Carella was in no mood for a confrontation with a restless spirit looking for a John. What did one do when staring down a ghost? He had not held a crucifix in his hands for more years than he cared to remember, and the last time he’d had a clove of garlic around his neck was when he’d had pneumonia as a child and his grandmother had tied one there on a string to ward off the evil eye. Besides, were you supposed to treat ghosts like vampires, driving stakes into their hearts and returning them to their truly dead states? Did they even have hearts? Or livers? Or kidneys? What the hell was a ghost? And besides, who believed in them?

Carella did.

He had never been so frightened since the day he’d walked in on a raving lunatic wielding a hatchet, the man’s eyes wide, his mouth dripping spittle, someone’s severed hand in his own left hand, dripping blood onto the floor as he charged across the room to where Carella stood frozen in his tracks. He had shot the man six times in the chest, finally dropping him an instant before the hatchet would have taken off his nose and part of his face. But how could you shoot a ghost? Carella did not want to go up to the second story of this house. Hillary was already halfway up the stairs, though, and neither did he want to be called chickenshit. Why not? he thought. Call me chickenshit, go ahead. I’m afraid of ghosts. This goddamn house was carried here stick by stick from Salem, where they hanged witches, and I just saw somebody dressed like Rebecca Nurse or Sarah Osborne or Goody Proctor or whoever the hell, and she was wailing for a man named John, and there ain’t nobody here but us chickens, boss. Adios, he thought, and saw Hillary disappear around the corner at the top of the stairs, and suddenly heard her screaming. He pulled his gun and took the steps up two at a time.
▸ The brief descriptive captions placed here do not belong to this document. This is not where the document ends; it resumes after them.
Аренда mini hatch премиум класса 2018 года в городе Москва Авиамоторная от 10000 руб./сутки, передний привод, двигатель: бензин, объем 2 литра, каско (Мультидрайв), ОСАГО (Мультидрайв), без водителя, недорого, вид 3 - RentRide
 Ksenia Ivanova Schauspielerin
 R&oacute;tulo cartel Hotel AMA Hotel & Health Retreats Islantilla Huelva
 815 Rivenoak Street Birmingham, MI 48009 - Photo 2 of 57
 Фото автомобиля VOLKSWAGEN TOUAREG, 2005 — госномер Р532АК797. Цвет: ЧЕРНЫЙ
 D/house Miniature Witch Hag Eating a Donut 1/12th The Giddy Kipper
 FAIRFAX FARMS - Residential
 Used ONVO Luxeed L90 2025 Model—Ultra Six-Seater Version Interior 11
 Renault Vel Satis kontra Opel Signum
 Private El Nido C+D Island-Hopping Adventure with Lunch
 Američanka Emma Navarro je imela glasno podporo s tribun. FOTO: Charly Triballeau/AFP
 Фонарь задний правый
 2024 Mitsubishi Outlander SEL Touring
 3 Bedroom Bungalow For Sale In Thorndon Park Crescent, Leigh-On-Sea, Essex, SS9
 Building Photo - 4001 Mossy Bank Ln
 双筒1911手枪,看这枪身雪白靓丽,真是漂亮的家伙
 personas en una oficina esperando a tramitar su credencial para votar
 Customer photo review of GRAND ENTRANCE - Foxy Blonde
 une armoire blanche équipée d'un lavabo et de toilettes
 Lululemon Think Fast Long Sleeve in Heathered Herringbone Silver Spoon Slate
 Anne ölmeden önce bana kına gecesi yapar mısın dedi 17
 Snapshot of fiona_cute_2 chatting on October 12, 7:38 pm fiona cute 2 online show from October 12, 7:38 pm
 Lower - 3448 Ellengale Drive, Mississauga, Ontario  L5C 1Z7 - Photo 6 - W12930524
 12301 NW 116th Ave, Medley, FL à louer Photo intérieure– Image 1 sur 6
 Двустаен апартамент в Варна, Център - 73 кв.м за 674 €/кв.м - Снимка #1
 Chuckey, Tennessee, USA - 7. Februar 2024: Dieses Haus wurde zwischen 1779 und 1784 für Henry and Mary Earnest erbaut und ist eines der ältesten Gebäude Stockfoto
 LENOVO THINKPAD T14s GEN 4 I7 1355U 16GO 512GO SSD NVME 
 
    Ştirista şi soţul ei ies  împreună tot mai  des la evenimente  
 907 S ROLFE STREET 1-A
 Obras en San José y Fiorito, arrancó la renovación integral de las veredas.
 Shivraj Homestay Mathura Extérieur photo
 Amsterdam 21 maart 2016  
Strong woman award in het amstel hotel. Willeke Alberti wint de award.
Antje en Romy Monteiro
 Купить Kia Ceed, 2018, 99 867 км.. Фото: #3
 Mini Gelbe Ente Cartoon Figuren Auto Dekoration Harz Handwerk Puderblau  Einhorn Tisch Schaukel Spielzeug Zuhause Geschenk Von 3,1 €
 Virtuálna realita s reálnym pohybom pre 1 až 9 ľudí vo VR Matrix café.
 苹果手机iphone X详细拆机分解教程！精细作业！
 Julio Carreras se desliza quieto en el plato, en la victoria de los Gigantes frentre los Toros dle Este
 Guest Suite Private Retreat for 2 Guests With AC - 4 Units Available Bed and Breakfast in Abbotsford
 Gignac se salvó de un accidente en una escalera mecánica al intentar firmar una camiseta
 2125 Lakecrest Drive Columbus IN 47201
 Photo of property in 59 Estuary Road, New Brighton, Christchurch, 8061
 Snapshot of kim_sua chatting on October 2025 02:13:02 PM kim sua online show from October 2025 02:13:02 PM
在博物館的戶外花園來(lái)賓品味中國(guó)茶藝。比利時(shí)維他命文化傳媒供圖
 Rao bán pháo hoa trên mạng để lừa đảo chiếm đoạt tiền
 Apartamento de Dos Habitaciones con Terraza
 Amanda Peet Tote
Hillary, courageous ghost hunter that she was, had collapsed in a dead faint on the floor. An eerie blue light bathed the second-story hallway. The hallway was icy cold; it raised the hackles at the back of his neck even before he saw the women standing there. There were four of them. They all were dressed in what looked like late-seventeenth-century garments. He could see through them and beyond them to the window at the end of the hallway where snow lashed the ancient leaded panes. They began advancing toward him. They were grinning. One of them had blood on her hands. And then, suddenly, a sound intruded itself from someplace above—the attic, he guessed. He could not make out the sound at first. It was a steady throbbing sound, like the beat of a muffled heart. The women stopped when they heard the sound. Their heads moved in unison, tilting up toward the beamed ceiling. The sound grew louder, but he still could not identify it. The women shrank from the sound, huddling closer together in the corridor, seeming to melt one into the other, their bodies overlapping and then disappearing entirely, sucked away by the same strong wind that had banished the specter below.

He squinted his eyes against the wind. It died as suddenly as it had started. He stood trembling in the corridor, Hillary on the floor behind him, snowlight piercing the window at the farthest end, the steady throbbing sound above him. No, it was more like a thumping, the slow, steady thump of—

He recognized the sound all at once.